Anschließend werden die Gründe für diese Feststellung genannt:
KAN meint auch: Das Licht hat für den Menschen zwei Funktionen. Einerseits ermöglicht Licht das Sehen. Auf der anderen Seite hat es nicht-visuelle Wirkungen auf den Menschen. Diese biologische Wirkung erzielt Tageslicht, kann aber ebenso durch spezielle künstliche Beleuchtung erreicht werden. Künstliche Beleuchtung kann dabei dem Tageslicht ähneln, es aber in seiner Gesamtheit nicht ersetzen. Die künstliche, biologisch wirksame Beleuchtung wird mit dem Ziel eingesetzt, eine biologische Wirkung über das Sehen hinaus im Menschen hervorzurufen.
Das vollständige Positionspapier kann man hier herunterladen (KAN-Position_kuenstliche_biologisch_wirksame_Beleuchtung_2015). Dort steht übrigens nicht nur, dass die KAN eine solche Normung nicht für sinnvoll erachtet, sondern nicht zulässig (mehr dazu hier):
Leider, leider hat die Sache einen Haken: Auch die heute installierte Beleuchtung ist biologisch wirksam.
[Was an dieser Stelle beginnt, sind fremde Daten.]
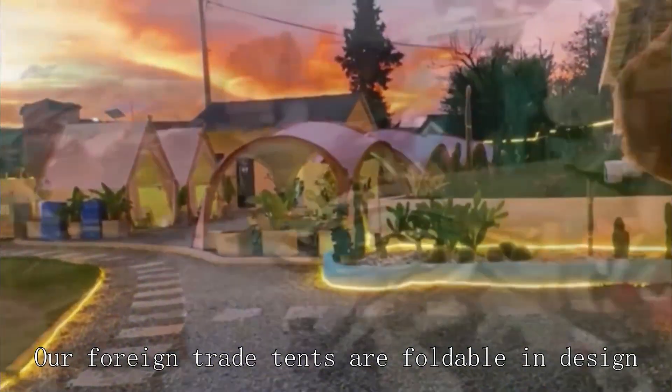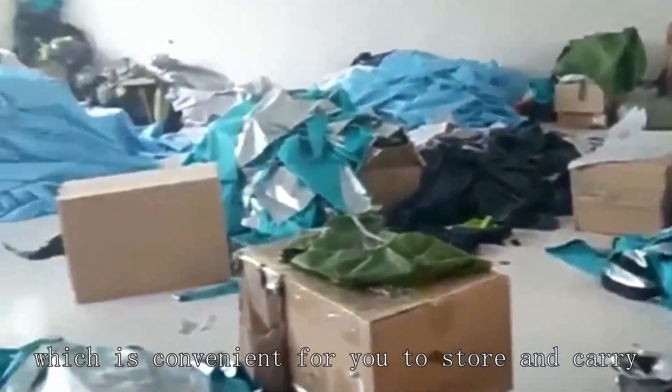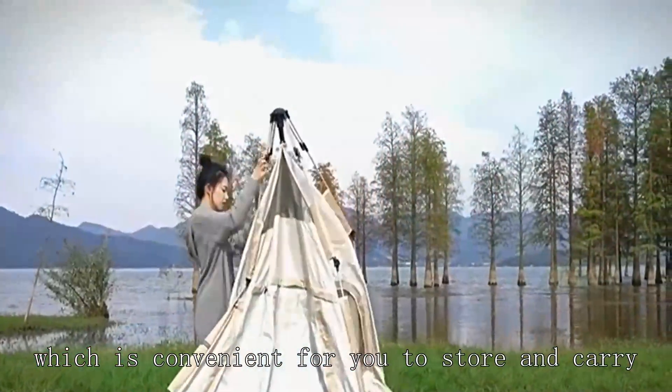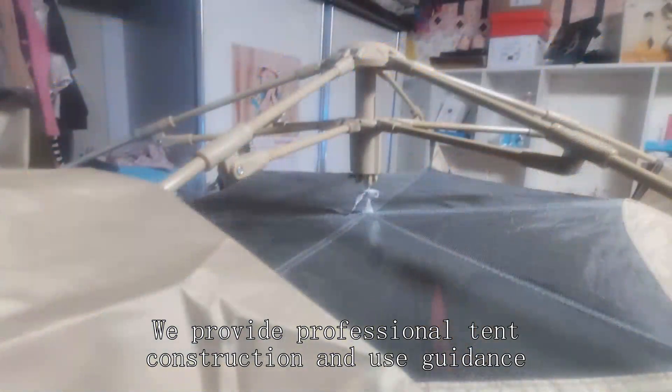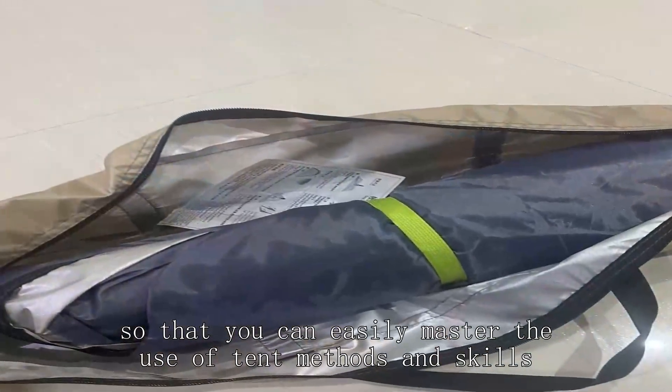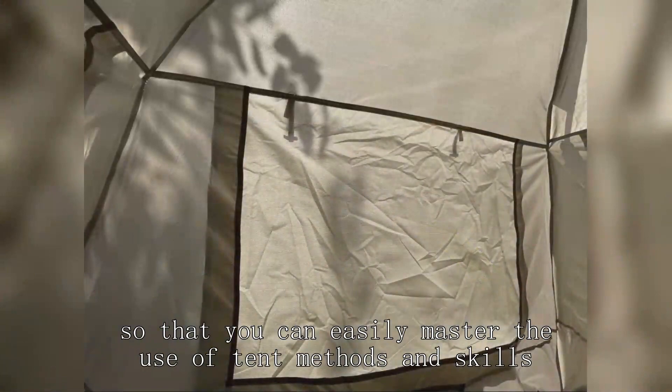Our foreign trade tents are affordable in design, which is convenient for you to store and carry. We provide professional tent construction and use guidance, so that you can easily master the use of tent methods and skills.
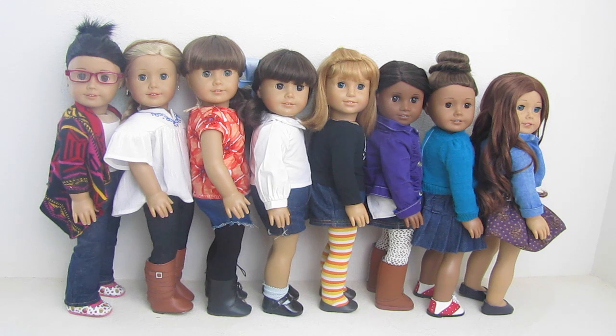So those are all my dolls' outfits for fall. If you liked this video, give it a thumbs up and leave me a comment down below. Until next time, love you guys. Bye!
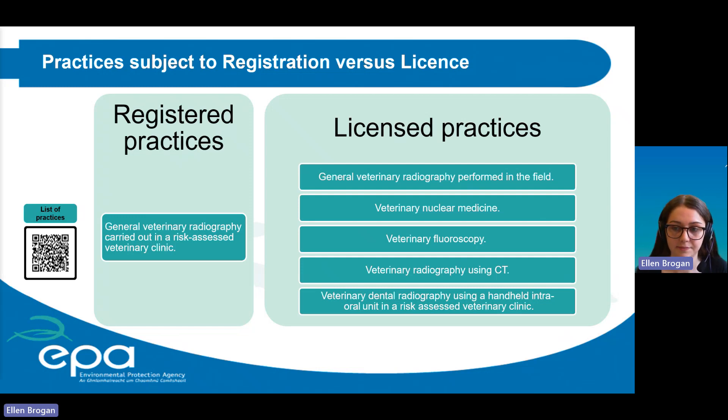Registered practices are deemed lower risk and only include general veterinary radiography carried out in a risk assessed veterinary clinic. Licensable practices include general veterinary radiography performed in the field, which is higher risk due to less ability to control all operational conditions such as exposure to weather events. Veterinary nuclear medicine, fluoroscopy, radiography using a CT, and veterinary dental radiography using a handheld intraoral unit in a risk assessed clinic are all licensable. All practices relevant to your veterinary clinic must be listed on your authorization. If you carry out both a registered and a licensable practice, the higher risk practice is reflected, so you will hold a license.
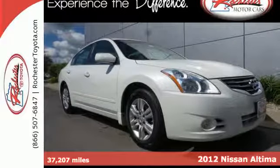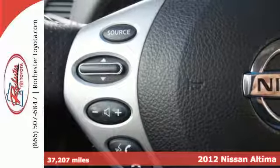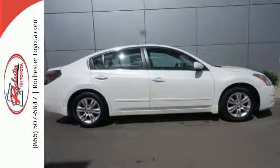Here's a 2012 Nissan Altima. This spacious car offers you and your passengers the convenience and comfort of cool air conditioning, cruise control, and power windows, locks, and mirrors.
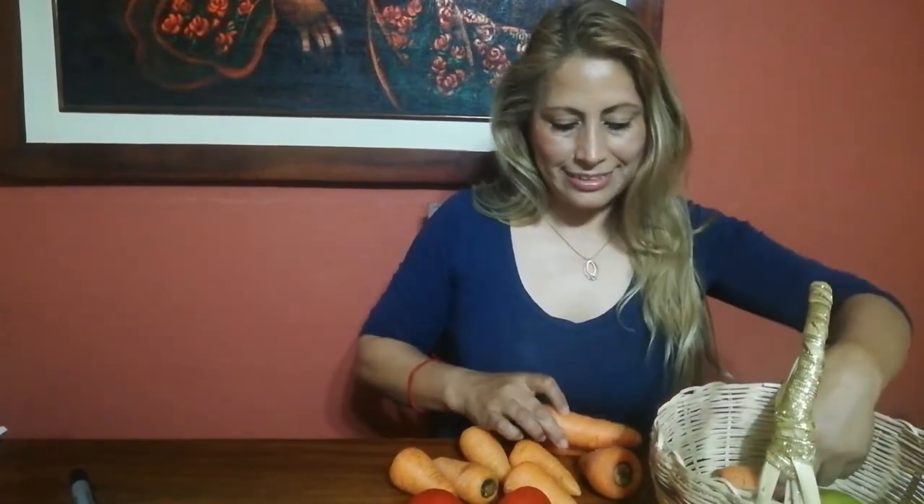Very good. Now I have some carrots. Let's count some carrots. One, two, three, four, five, six, seven, eight, nine, ten carrots. We have ten carrots. Let's count the oranges, please. One, two, three, four oranges.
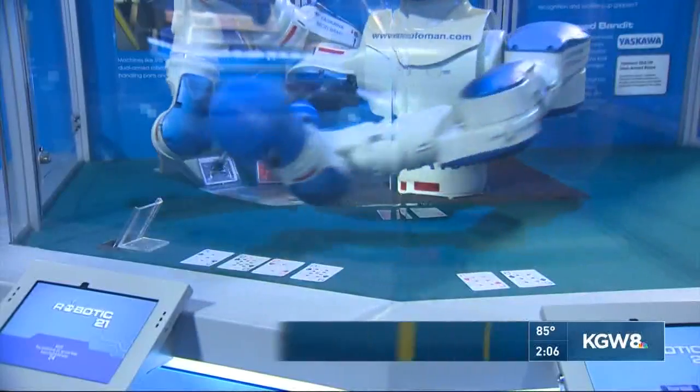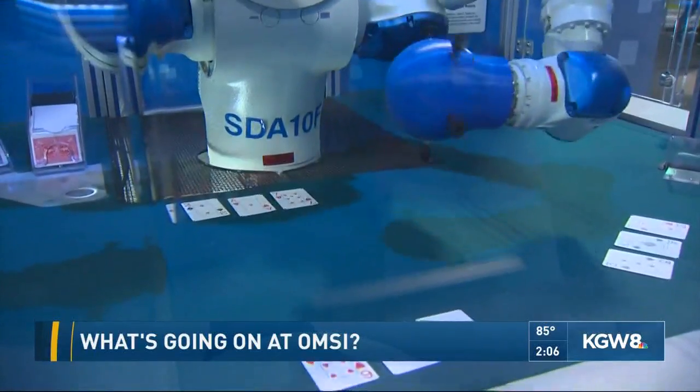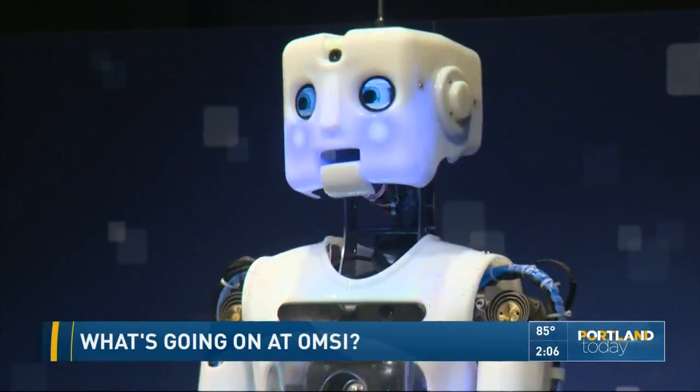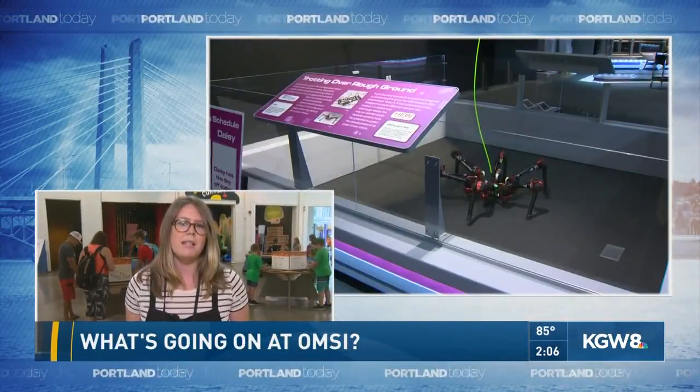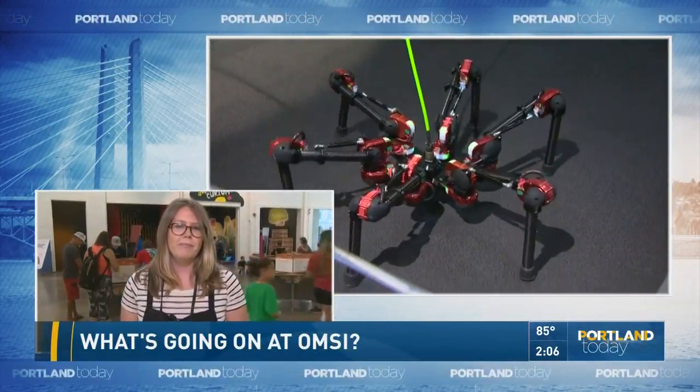Robots are definitely a fan favorite here. This is the first time we've had this exhibit. It's been open since March, but it is entering its final weeks. It's a really exciting exhibit sponsored by Google.org, and it features many robots from robotics companies around the globe, some of which haven't been seen before. Visitors can come and interact with these robots in this exhibit, which makes it pretty special and a standout for us.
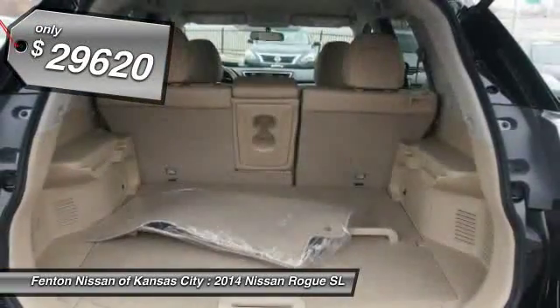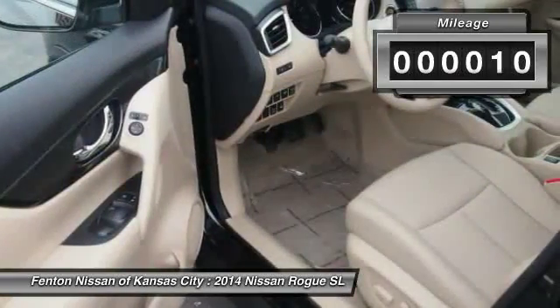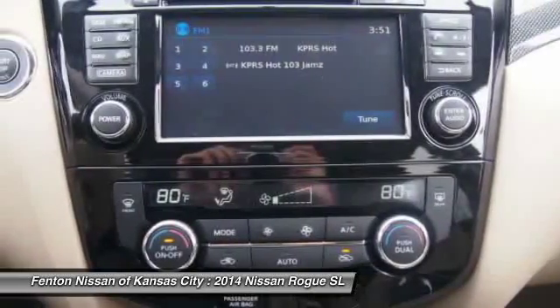And it's priced below $30,000. This vehicle has less than 100 miles. Searching for a dependable vehicle that looks great too? You've found it, so stop in today.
Leider nicht immer zum Wohle des Menschen. Was machen wir damit? Merkeln? Wäre zu einfach. Das Problem ist, dass biologisch wirksames Licht individuell wirkt und individuell unterschiedlich. In der Arbeitswelt gehören individuell beeinflussbare Umgebungen eher zu Raritäten, und auch im Privatbereich sind wir nicht immer frei zu tun und lassen, was und wie wir es wollen.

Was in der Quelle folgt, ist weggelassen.